Başta da ifade ettiğimiz gibi bu çalışma egemenler tarafından hazırlanan bir çalışmaydı. Bu da doğallığında çalışmanın sonuçlarını sorgulama refleksini yaratmaktadır. Sonuçlar doğru ya da çarpık olsun ortada olan ve yaşamda son birkaç yılda hız alan T.C. özel savaş aygıtının milliyetçiliği körükleme politikası olduğu ve bunun üzerinden de halklara, Devrimci yapılanmalara, sınıf mücadelesi yürütenlere karşı; bir korku sindirme politikasını yaşamlaştırma, bunun üzerinden de iktidarını sağlamlaştırma çabası içinde olduğu bir gerçektir.

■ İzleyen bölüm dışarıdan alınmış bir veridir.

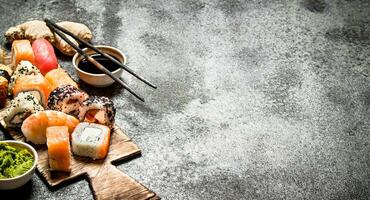 Japanese food. Fresh rolls with seafood and soy sauce. On rustic background. photo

Böyle bir toplumsal dokuda halkların eşit ve özgür bir irade ile bir arada yaşacağını düşünmek, sömürgeciliği, halkların arasına düşmanlık tohumları eken kapitalist-emperyalist sistemi hedeflemeden mücadele yürütmek ya da halklar adına Devrimci Sosyalist çizginin dışında kalarak mücadele ettiğini iddia etmek çölde vaaz vermekten öteye gitmeyecektir. Halkların bir arada yaşamasının en sağlıklı biçiminin kendi tam anlamı ile özgür iradelerini, kendi mekanizmalarını kurdukları ve bu mekanizma içinde her türlü sömürü ilişkisini yerle bir ettikleri bir toplumsal yapı yaratmakla mümkün olacağını yaşamın kendisi bize her gün yeniden yeniden ispatlamaktadır. Bu temelde öncelikle Proletarya Enternasyonalizmi ışığında ulusal bağımsızlıkçı çizgiyi esas almak sömürgeci düzeni hedeflemek halkalar adına gerçek söz söylemenin yegâne yöntemi olarak karşımızda duruyor.